Nothing should be output except the lines from the top of the material below through the line that contains "A picture of", each exactly as written.

PROVIDED ENTRIES –
........
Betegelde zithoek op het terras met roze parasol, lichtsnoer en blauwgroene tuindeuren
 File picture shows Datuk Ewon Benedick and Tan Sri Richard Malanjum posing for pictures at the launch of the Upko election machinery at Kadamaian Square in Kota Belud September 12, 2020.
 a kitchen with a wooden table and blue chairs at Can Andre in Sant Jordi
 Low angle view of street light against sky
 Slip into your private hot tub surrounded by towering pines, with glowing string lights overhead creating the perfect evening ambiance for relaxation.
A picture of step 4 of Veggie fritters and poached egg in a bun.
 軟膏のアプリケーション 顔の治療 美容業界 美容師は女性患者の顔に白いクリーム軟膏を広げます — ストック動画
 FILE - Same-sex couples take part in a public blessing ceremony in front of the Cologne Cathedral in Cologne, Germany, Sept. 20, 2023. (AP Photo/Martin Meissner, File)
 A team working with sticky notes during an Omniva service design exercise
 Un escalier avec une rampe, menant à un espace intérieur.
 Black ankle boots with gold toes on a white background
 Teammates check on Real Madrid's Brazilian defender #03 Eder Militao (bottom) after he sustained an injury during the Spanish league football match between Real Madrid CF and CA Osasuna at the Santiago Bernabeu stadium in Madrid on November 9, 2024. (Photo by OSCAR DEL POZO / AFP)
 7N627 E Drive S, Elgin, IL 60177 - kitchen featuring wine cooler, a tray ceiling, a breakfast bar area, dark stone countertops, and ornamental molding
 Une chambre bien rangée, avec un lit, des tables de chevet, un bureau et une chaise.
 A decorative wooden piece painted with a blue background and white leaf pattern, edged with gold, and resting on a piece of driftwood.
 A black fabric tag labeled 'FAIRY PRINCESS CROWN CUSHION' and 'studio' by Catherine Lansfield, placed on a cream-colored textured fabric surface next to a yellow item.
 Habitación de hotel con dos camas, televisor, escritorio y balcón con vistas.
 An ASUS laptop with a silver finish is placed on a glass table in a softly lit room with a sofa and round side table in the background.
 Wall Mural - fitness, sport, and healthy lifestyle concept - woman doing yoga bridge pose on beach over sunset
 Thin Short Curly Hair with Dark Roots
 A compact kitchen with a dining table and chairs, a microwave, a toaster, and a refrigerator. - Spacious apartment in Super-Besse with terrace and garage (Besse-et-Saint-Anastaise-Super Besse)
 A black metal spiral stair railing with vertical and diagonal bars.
........
ANSWER TO THE PROBLEM –
Betegelde zithoek op het terras met roze parasol, lichtsnoer en blauwgroene tuindeuren
 File picture shows Datuk Ewon Benedick and Tan Sri Richard Malanjum posing for pictures at the launch of the Upko election machinery at Kadamaian Square in Kota Belud September 12, 2020.
 a kitchen with a wooden table and blue chairs at Can Andre in Sant Jordi
 Low angle view of street light against sky
 Slip into your private hot tub surrounded by towering pines, with glowing string lights overhead creating the perfect evening ambiance for relaxation.
A picture of step 4 of Veggie fritters and poached egg in a bun.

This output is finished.